Beyond the immediate debate, Mbeki expressed concern about what he sees as a broader deterioration in the spirit of African unity and integration that took hold in the years following South Africa’s democratic transition in 1994. He described the current climate as a step backward from the values that defined the post-apartheid era.

“There is a regression that is taking place,” Mbeki said. “That sense of African integration that we had 25 years ago, I think has receded.”

He was firm in his view that South Africa’s unemployment crisis and other economic pressures cannot be addressed by directing frustration at foreign nationals, arguing that the root causes of poverty and joblessness lie elsewhere and require different solutions.

South Africans Push Back

Mbeki’s remarks have drawn a sharp response from South Africans online, with commentary across social media reflecting a deep frustration with what many describe as a political class that is increasingly removed from the realities faced by ordinary citizens.

The sentiment expressed widely is that appeals to liberation struggle solidarity, however historically valid, do not speak to the day-to-day experience of South Africans who struggle to find employment in their own country. Many have pointed out that the same generation of political leaders who invoke African solidarity also presided over three decades of government during which the structural economic inequalities driving the current tensions were never meaningfully addressed.

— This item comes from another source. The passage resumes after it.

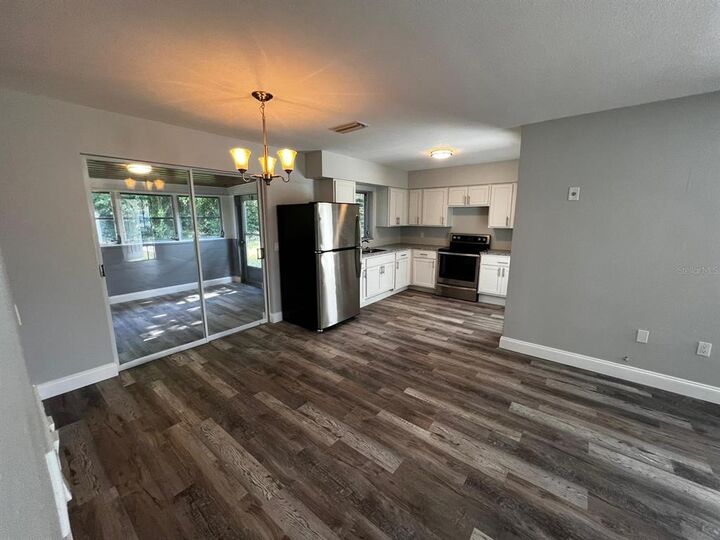 Property Photo: 522 Avenue C SE FL 33880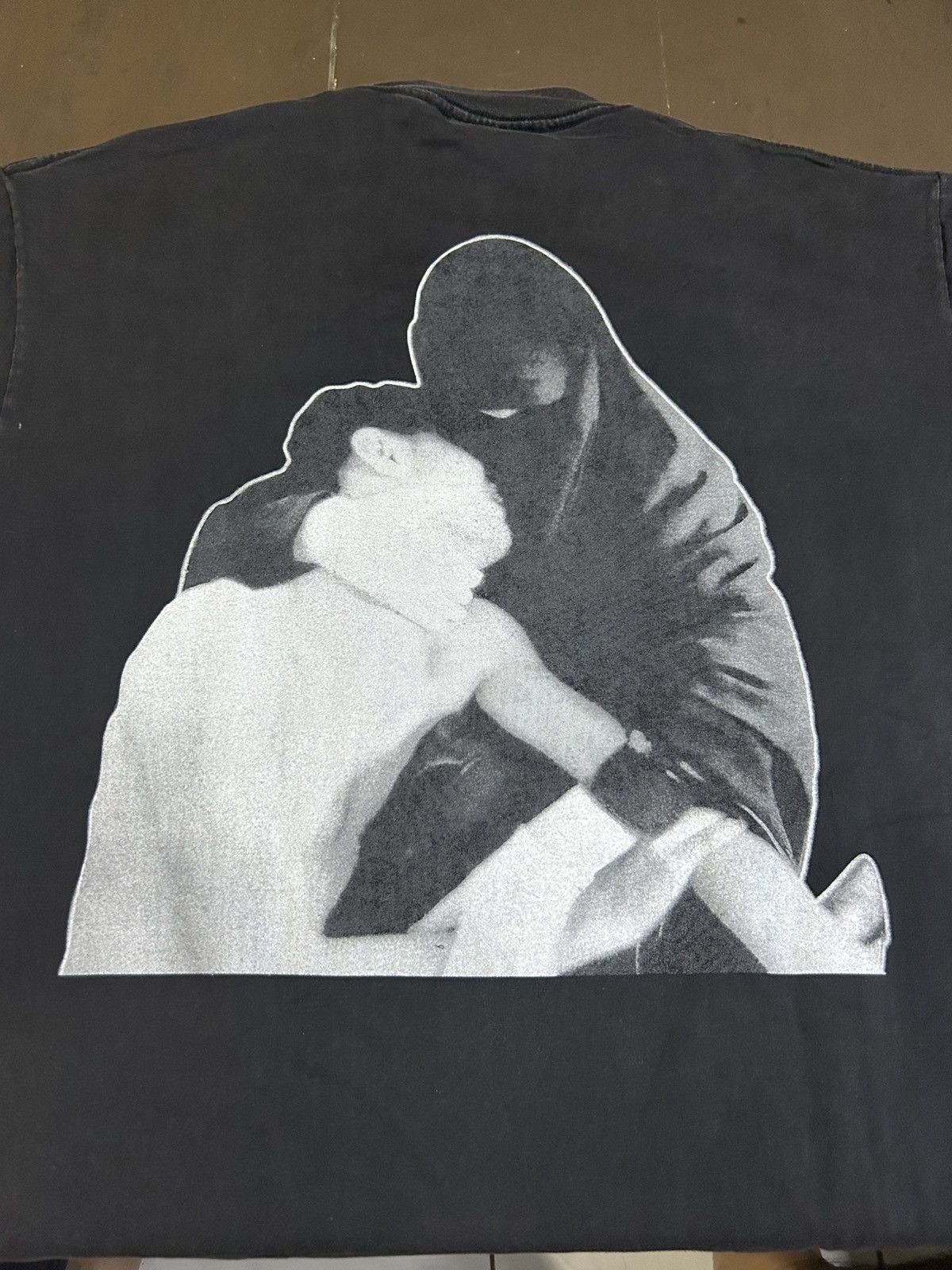 Band Tees Crystal Castles Kerosene Tshirt Size US XL / EU 56 / 4 - 1 Thumbnail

South Africans online have also drawn a firm distinction between what they say the debate is actually about and how it is being characterised by voices like Mbeki’s. The protests that took place in Johannesburg and Pretoria in recent weeks were, in the view of those who participated, calls for the enforcement of existing South African immigration and labour laws rather than expressions of hostility toward Africans as a group. The characterisation of those calls as anti-African sentiment is one that many South Africans reject directly.

The overarching response to Mbeki’s comments can be summarised simply. South Africans say they are done being lectured about solidarity by politicians who live behind high walls, far from the communities most affected by unemployment, illegal employment practices and the pressures on public services that ordinary people navigate every day.

The Timing

Mbeki’s remarks come against the backdrop of one of the most intense periods of national debate about immigration that South Africa has experienced in years. Ghana recently chartered a government-funded flight to evacuate 300 of its citizens from South Africa citing safety concerns. One person boarded that flight. South Africa’s unemployment rate currently stands at 32.7 percent. Youth unemployment exceeds 45 percent.

For many South Africans, those numbers are the conversation. And they say no amount of historical argument changes what those numbers mean for people trying to survive in the present.

Editors Note The views expressed by South Africans referenced in this article are those of members of the public expressed online and on the ground and do not represent the editorial position of Mzansi Today Live. Mzansi Today Live presents both perspectives in this article in the interest of balanced and complete reporting.